Gridlock could define the Washington, D.C., political landscape these days (and the traffic situation as well), but Erika Larkin's students aren't feeling it in their games. She's one of Golf Digest's Best Young Teachers for 2014-15, a top teacher in Virginia in our state rankings and the 2012 PGA Middle Atlantic section Teacher of the Year.
Larkin is also one of two teaching professionals on Golf Digest's Hot List equipment testing panel. In the middle of three full days of beating balls and taking notes at the Wigwam Resort in Litchfield Park, Ariz., Larkin picked three hashtagged reader swings to review for the #HelpMeGolfDigest project.
The first one comes from @robertlutgu via Instagram, set to a groovy music track.
A video posted by Robert Lugtu (@robertlugtu) on Oct 10, 2014 at 10:16pm PDT
"It's the first student swing video I've ever seen with a soundtrack. I can already tell you have good rhythm and tempo!" says Larkin, who is based at Stonewall Golf Club in Gainesville, Va. "It's great to see your knees and hips getting into the groove, but they're bending and swaying and rocking in a way that is letting you waaaay overswing. There's a point where a longer swing produces diminishing returns. I'd like to see you make a backswing that allows for maximum shoulder turn without any breakdown in your posture, arc width or stability. Keep your right foot flat throughout the backswing, without letting it roll onto its outside edge, keep your right knee pointed straight ahead, and your right hip over your right ankle as you turn back. Practice slow backswings standing only on your right leg, which will make it impossible for you to sway or overswing. And when you go back to your normal stance, feel like your right leg stays slightly knock-kneed to exaggerate this new lower body movement."
Reader @mjcvanraf is looking for some specialized advice for more consistent impact and increased power.
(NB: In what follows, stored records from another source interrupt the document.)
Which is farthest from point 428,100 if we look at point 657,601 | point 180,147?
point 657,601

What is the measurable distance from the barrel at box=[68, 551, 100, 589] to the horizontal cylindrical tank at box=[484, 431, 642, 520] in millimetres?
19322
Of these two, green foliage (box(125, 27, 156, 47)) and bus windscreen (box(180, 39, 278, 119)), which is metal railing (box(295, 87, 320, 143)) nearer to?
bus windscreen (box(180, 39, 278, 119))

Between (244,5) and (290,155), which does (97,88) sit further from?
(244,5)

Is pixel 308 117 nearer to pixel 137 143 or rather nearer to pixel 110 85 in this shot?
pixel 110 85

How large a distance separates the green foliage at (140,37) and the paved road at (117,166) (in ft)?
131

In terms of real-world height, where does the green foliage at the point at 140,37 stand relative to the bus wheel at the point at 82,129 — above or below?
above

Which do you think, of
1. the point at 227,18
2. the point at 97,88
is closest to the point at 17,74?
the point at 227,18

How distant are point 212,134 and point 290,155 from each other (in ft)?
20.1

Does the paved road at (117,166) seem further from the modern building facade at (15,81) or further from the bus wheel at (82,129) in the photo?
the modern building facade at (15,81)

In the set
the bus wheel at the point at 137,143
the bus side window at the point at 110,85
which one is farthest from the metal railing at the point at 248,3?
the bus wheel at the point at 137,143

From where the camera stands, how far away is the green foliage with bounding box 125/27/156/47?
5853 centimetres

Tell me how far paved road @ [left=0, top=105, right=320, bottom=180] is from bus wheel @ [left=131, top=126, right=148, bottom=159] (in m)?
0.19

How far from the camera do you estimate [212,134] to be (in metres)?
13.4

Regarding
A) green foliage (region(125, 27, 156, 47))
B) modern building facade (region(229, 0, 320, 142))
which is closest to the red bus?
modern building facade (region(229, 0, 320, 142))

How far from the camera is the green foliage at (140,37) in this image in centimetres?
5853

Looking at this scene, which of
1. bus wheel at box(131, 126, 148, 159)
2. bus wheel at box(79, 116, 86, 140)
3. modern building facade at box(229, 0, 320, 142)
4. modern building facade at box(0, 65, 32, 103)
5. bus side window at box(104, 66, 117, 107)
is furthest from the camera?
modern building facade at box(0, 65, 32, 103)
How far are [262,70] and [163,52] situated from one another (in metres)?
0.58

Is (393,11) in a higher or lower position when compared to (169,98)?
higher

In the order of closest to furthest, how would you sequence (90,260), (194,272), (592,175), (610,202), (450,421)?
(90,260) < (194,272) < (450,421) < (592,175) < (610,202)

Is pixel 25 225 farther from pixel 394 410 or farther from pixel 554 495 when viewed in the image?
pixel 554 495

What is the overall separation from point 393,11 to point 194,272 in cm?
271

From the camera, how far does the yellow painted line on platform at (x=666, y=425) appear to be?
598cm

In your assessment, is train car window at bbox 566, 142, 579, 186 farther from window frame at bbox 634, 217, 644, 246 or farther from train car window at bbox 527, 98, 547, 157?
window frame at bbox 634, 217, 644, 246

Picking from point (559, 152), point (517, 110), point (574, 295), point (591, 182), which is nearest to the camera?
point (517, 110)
A video posted by Marc Van Rafelghem (@mjcvanraf) on Jul 7, 2014 at 10:23am PDT
"You're doing a great job with angles you have to work with," Larkin says. "I'd like to see your seat more vertical to help get your legs more underneath you. This will let your upper body to be more over the ball, which would give you a steeper swing, more trajectory on your shots and make it easier to get the club down to the ground and ball. If you can adjust your vehicle, great. If not, look into this paragolfer cart, which could help you get into a better hitting position. That aside, try this tip. Since your hip mobility is limited, it's normal to let your arms fold around your body as you swing. Keep letting your elbows bend, but in your follow-through, try letting go of the grip just after impact. Pretend you're David Ortiz of the Boston Red Sox using the Walt Hriniak swing. It'll let you keep your left arm straighter longer, so you can get down to the ball without lunging. I've seen this technique first-hand with several wounded warriors and disabled golfers I've taught, and it really helps."
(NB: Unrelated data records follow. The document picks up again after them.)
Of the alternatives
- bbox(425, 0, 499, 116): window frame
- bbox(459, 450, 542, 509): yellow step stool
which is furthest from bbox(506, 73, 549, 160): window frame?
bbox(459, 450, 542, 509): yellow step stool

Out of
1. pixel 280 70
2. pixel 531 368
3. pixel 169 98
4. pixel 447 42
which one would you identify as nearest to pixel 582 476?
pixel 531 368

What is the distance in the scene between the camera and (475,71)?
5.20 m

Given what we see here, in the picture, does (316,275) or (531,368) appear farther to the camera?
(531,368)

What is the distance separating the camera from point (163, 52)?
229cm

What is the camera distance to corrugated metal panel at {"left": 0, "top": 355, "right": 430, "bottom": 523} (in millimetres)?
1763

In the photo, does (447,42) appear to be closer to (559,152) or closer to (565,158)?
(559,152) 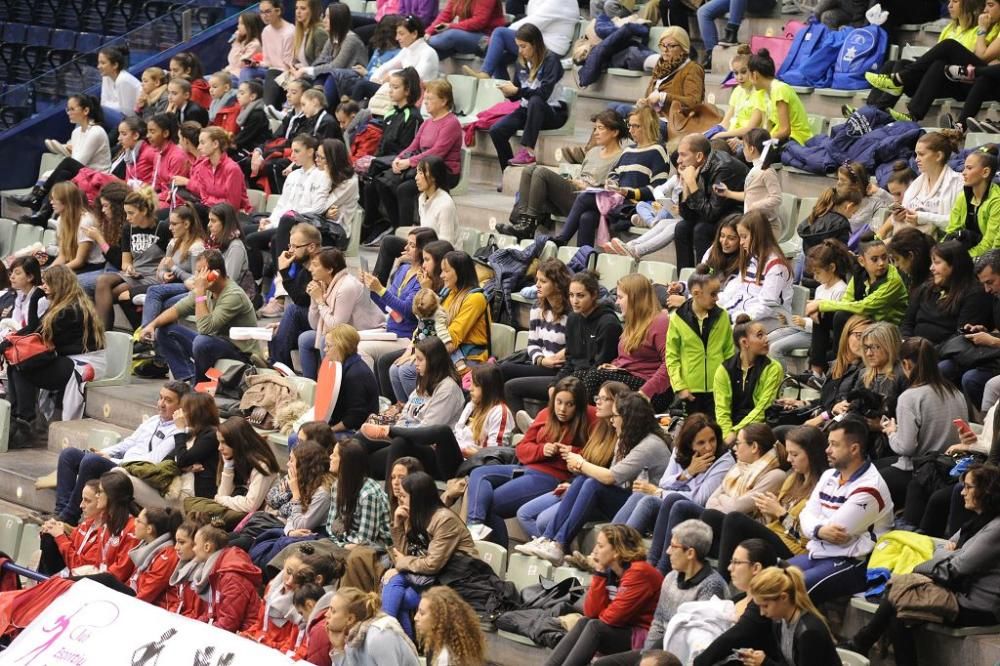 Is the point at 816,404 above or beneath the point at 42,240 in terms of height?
above

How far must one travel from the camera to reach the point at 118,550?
10078 millimetres

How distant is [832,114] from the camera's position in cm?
1334

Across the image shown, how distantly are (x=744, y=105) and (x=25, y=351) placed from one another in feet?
16.7

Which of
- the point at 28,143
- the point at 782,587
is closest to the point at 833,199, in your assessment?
the point at 782,587

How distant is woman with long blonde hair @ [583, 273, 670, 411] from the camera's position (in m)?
10.2

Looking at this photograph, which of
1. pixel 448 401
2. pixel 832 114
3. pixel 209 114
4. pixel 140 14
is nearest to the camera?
pixel 448 401

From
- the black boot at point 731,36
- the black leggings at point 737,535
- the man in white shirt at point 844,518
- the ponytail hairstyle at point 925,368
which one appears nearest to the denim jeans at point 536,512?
the black leggings at point 737,535

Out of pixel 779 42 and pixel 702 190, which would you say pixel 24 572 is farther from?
pixel 779 42

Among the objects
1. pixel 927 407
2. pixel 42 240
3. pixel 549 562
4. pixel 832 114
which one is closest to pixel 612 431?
pixel 549 562

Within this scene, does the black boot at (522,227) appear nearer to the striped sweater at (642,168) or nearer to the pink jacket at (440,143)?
the striped sweater at (642,168)

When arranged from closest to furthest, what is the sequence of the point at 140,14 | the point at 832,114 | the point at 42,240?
1. the point at 832,114
2. the point at 42,240
3. the point at 140,14

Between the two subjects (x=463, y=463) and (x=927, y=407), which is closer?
(x=927, y=407)

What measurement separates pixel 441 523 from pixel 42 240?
6.47 meters

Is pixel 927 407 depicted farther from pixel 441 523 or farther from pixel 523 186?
pixel 523 186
The last swing comes from @heimgarrett, who needs to make one simple change to improve his ball flight.
A video posted by @heimgarrett on Nov 11, 2014 at 8:18am PDT
"It looks from your video that you have a right-to-left ball flight, which is great, but I bet you also hit it a little too left and too low sometimes," Larkin says. "I noticed an extremely closed clubface (pointing down at the ground) during the takeaway, and a cupped left wrist in your follow-through. This suggests your grip is very strong, and you're hanging on for dear life through impact to keep from hooking it. You don't need to change anything in your swing. Turn both of your hands slightly left on the handle so that you can relax and let them naturally release through impact."